* [About this task] Transcribe exactly, and only, the lines running from the one with "Midi Dress Button" to the end of the entries below, both included, without any pictures.

* [Input records]

******

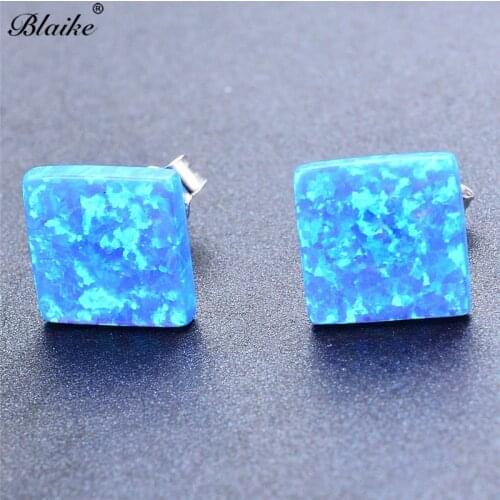 Blaike Big Square Blue Fire Opal Stud Earrings For Women Silver Color Birthstone Earrings Bohemian Female Jewelry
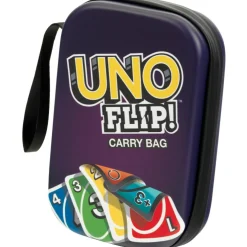 UNO: FLIP Carry Bag - 6.1" Card Game Storage Accessory, Waterproof Plastic Zipper Case, Mesh Pocket, Organize & Protect Cards, Travel Strap, Kids 3+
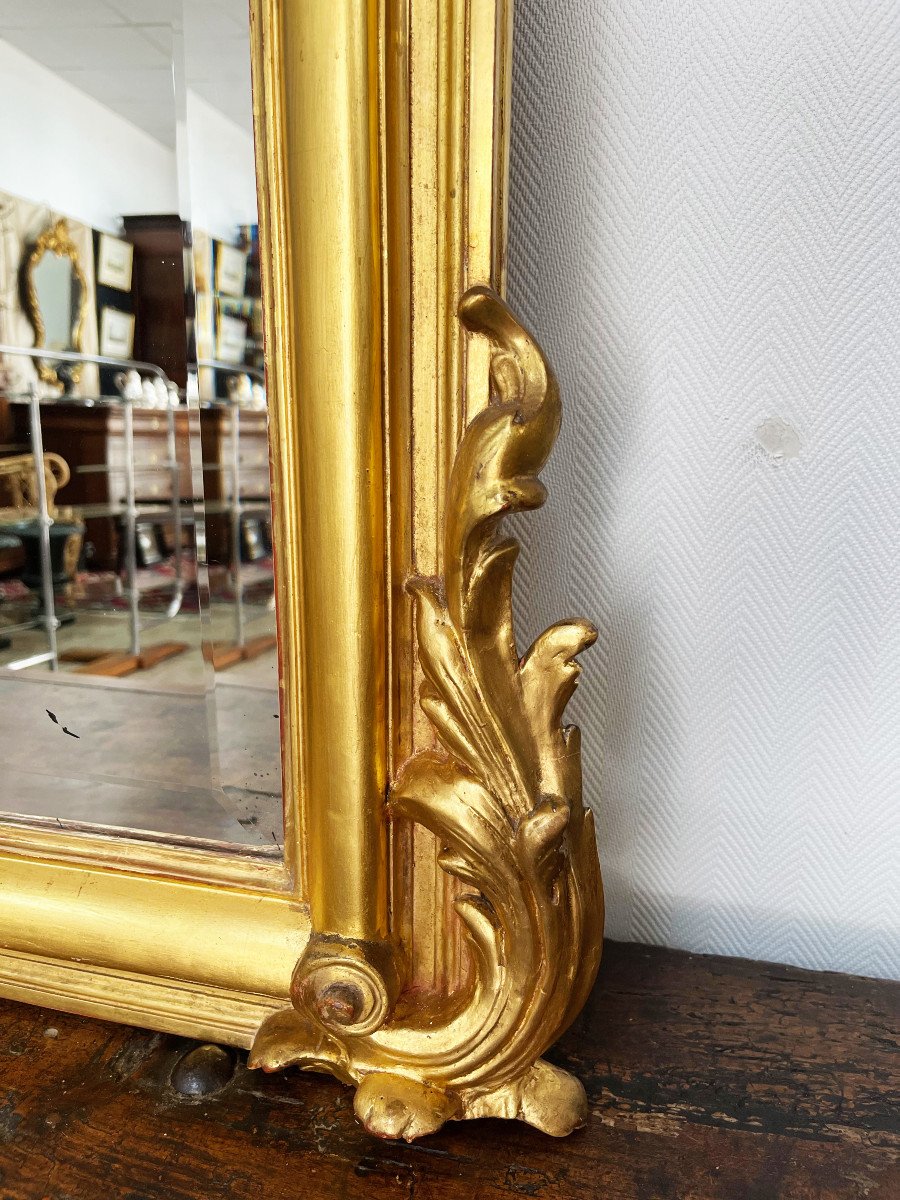 Grand Miroir Doré d'époque 19eme De Style Louis XV-photo-1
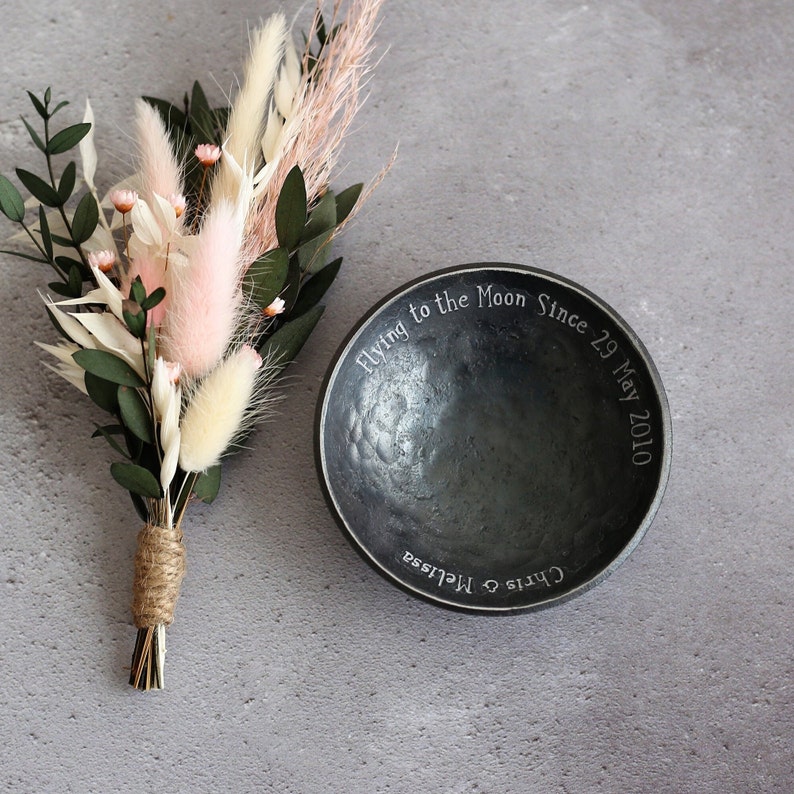 Steel Bowl for 11th Anniversary gift: jewellery bowl for her, custom ring dish for 11th anniversary, small hand stamped metal bowl for him image 7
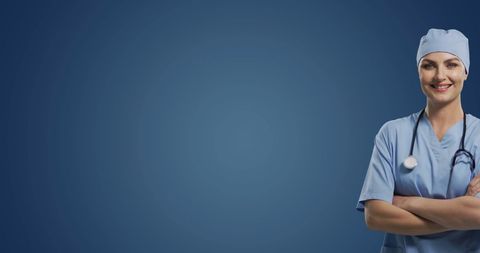 Professional Female Physician Against Blue Background with Copy Space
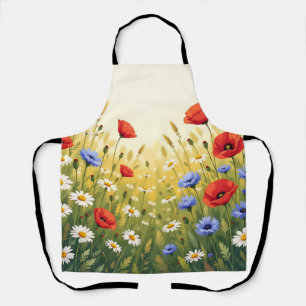 Wildflower Meadow Poppy Pattern Apron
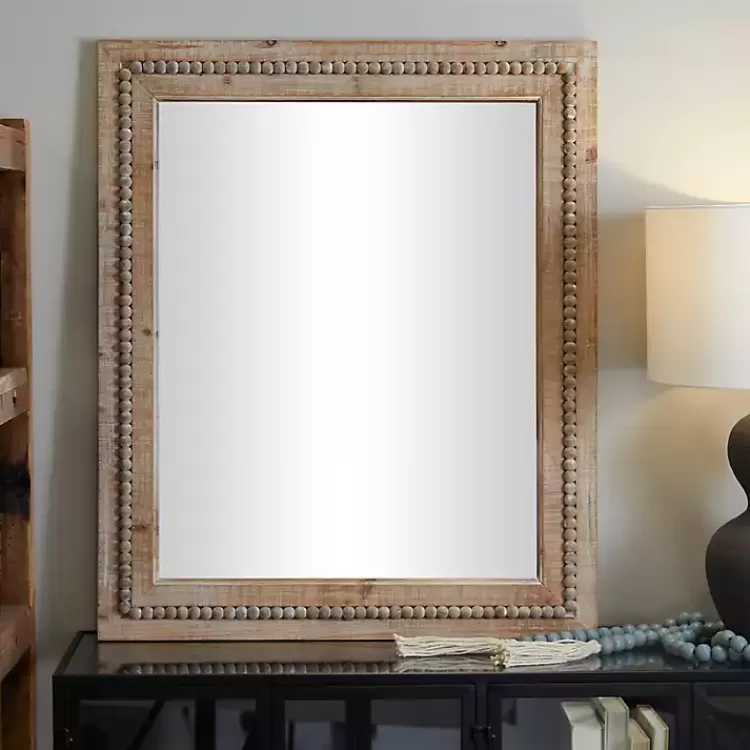 Rectangle Distressed Beaded Wall Mirror>Kirklands Home Outlet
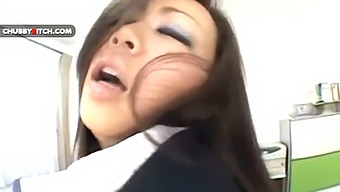 Japanese Office Worker With A Curvy Buttocks Rides Backwards On Top
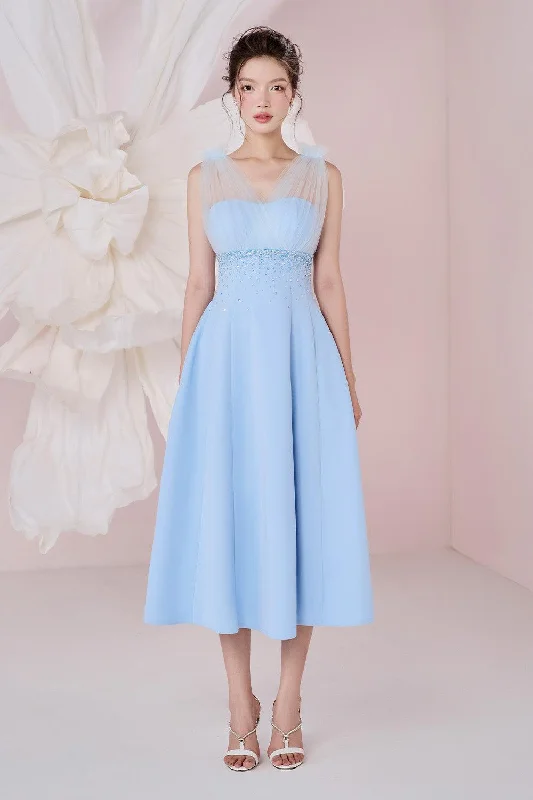 Button - down denim midi dress for a casual and laid - back lookSorin A-line Stone Cotton Knitted Midi Dress Button - down denim midi dress for a casual and laid - back lookSorin A-line Stone Cotton Knitted Midi Dress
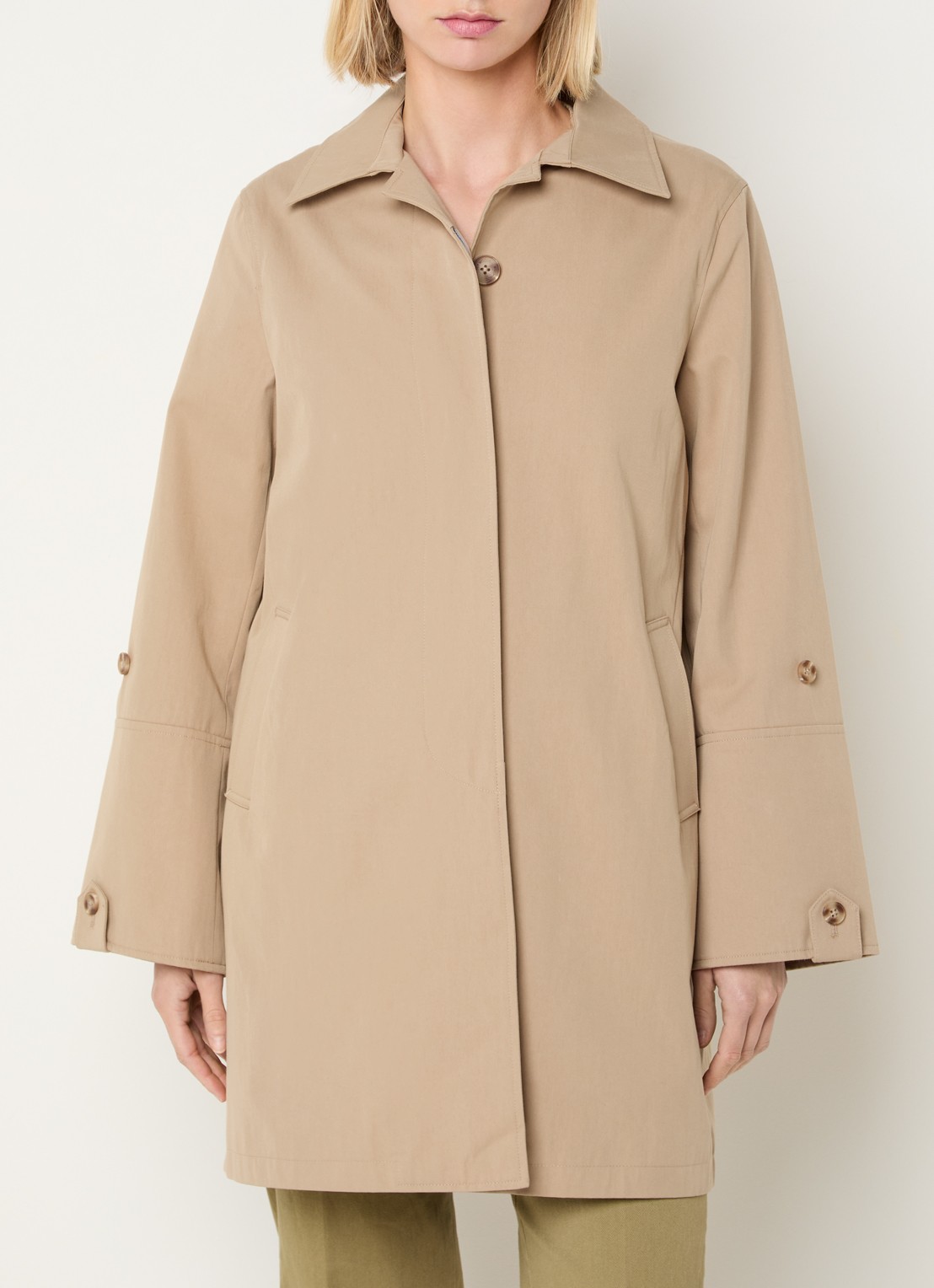 River Woods Trenchcoat met steekzakken - detail 4 khaki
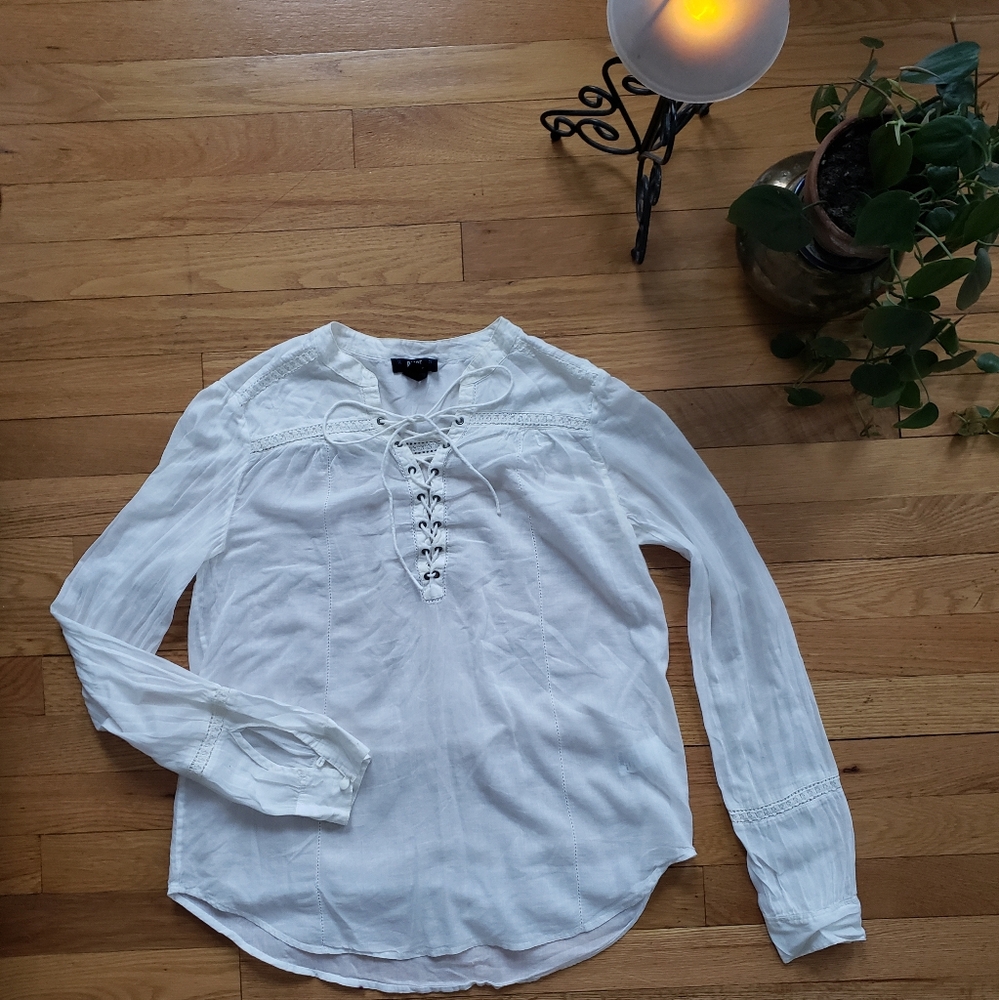 Paige Cotton White Lace-Up Blouse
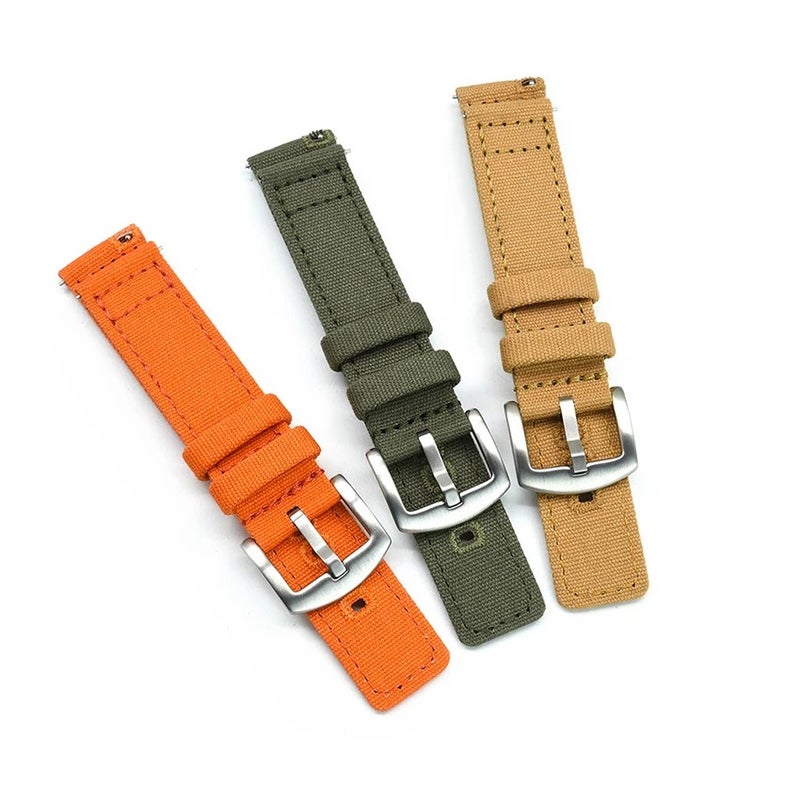 Bluejw 18mm 20mm 22mm Canvas Nylon Replacement Watch Strap for Samsung Galaxy Watch 3 45mm Active 2 Amazfit GTR Huawei GT 2 – Army Green - Image 3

******

* [Expected answer]
 Button - down denim midi dress for a casual and laid - back lookSorin A-line Stone Cotton Knitted Midi Dress Button - down denim midi dress for a casual and laid - back lookSorin A-line Stone Cotton Knitted Midi Dress
 River Woods Trenchcoat met steekzakken - detail 4 khaki
 Paige Cotton White Lace-Up Blouse
 Bluejw 18mm 20mm 22mm Canvas Nylon Replacement Watch Strap for Samsung Galaxy Watch 3 45mm Active 2 Amazfit GTR Huawei GT 2 – Army Green - Image 3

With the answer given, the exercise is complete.